Só a esquerda, ao longo do século XX, viu a América Latina como um conjunto de nações fadado a unir-se em um projeto comum de desenvolvimento. A direita, em nossos países, sempre esteve prisioneira de sua própria visão mesquinha de privilégios para minorias: as oligarquias e elites medíocres, que só podiam imaginar seu papel como o de gerentes de entrepostos coloniais, a recolher migalhas do saque de nossas riquezas.
Sendo assim, foram parceiras e cúmplices dos Estados Unidos: davam-lhe o botim, em troca recebiam a “proteção” política – e por vezes militar – contra as “ameaças internas” partidas dos movimentos libertários e nacionalistas que inevitavelmente a elas se opunha. Desestabilizações, financiamentos políticos espúrios e, volta e meia, a ação militar direta – da assessoria em repressão e tortura aos “marines” – foram a pauta política mais constante nas relações políticas.
Mas estes grupos perderam poder por toda a América Latina e, há uma década já , ascenderam governos em maior ou menor grau compreometidos com projetos nacionais de desenvolvimento e com uma visão integradora da América Latina.
E os EUA, cegos, não sabem vê-los senão como “antiamericanos”, porque nos tratam menos como um enclave, onde qualquer interesse empresarial norteamericano é mais importante que uma visão estratégica de nossa convivência.
É por isso que Barack Obama não é capaz de compreender, profundamente, o que lhe disse Dilma, sábado, na Cúpula das Américas:
- Na América Latina há um espaço imenso para uma relação de sócios, mas sócios entre iguais, entre o país mais desenvolvido da região, que são os Estados Unidos, e os países latino-americanos.
A resposta do presidente americano ilumina esta cegueira, ao dizer que parece estarmos, aqui, “presos numa bolha do tempo nos anos 50, com yankees go home. ou seja, ” a controvérsias que, às vezes, remontam antes do meu (dele) nascimento”.

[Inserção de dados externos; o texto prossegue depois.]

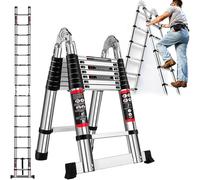 Échelle télescopique en acier inoxydable, échelle pliante en forme de A, échelle télescopique durable, 3,8 m/12,5 pi (6,2 pi + 6,2 pi) 3.8 m/12.5 ft (6.2ft + 6.2 ft)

Quem está preso a isso são, sem sombra de dúvida, os Estados Unidos. Manter o anacrônico bloqueio a Cuba, espalhar – a pretexto do combate ao narcotráfico – bases militares na América Central e na do Sul, silenciar contra o controle colonial inglês sobre as Malvinas – um berço esplêndido para a exdrúxula 4ª Frota, morta com a 2ª Guerra Mundial e que os EUA sonham em recriar – não seriam, todas elas, atitudes de uma política intervencionista como a que ele diz ser algo dos anos 50?
Se são incapazes de desfazer aquilo que fez gerações gritarem “yankees go home”, como esperar que isso desapareça?
Os Estados Unidos não precisam de nada, diante de nós, senão de inteligência. E de uma atitude em que o mais forte não é ameaça, mas proteção. Mas se bloqueiam e mantém um enclave territorial em Cuba – a terrível prisão de Guantánamo – , se preferem apoiar a Índia que ao Brasil no Conselho de Segurança da ONU, se sustentam a Inglaterra como detentora de ilhas a 13 mil quilômetros de seu território e a apenas 500 km das costas argentinas,o que podem esperar dos latinoamericanos?
As mudanças, quando não se lhes abrem as portas corajosamente, ainda assim penetram na vida das nações e em seu relacionamento. A América Latina já não é a mesma, a que suplicava esmolas; os EUA também não são e se corroem numa crise econômica que só não é mais perigosa porque sua perda de legitimidade política é ainda maior, e imobiliza seu poderio bélico.
Nossas relações são e serão diferentes, inevitavelmente.
Os Estados Unidos, que poderiam ser os líderes deste processo, preferem permanecer “presos numa bolha do tempo nos anos 50″.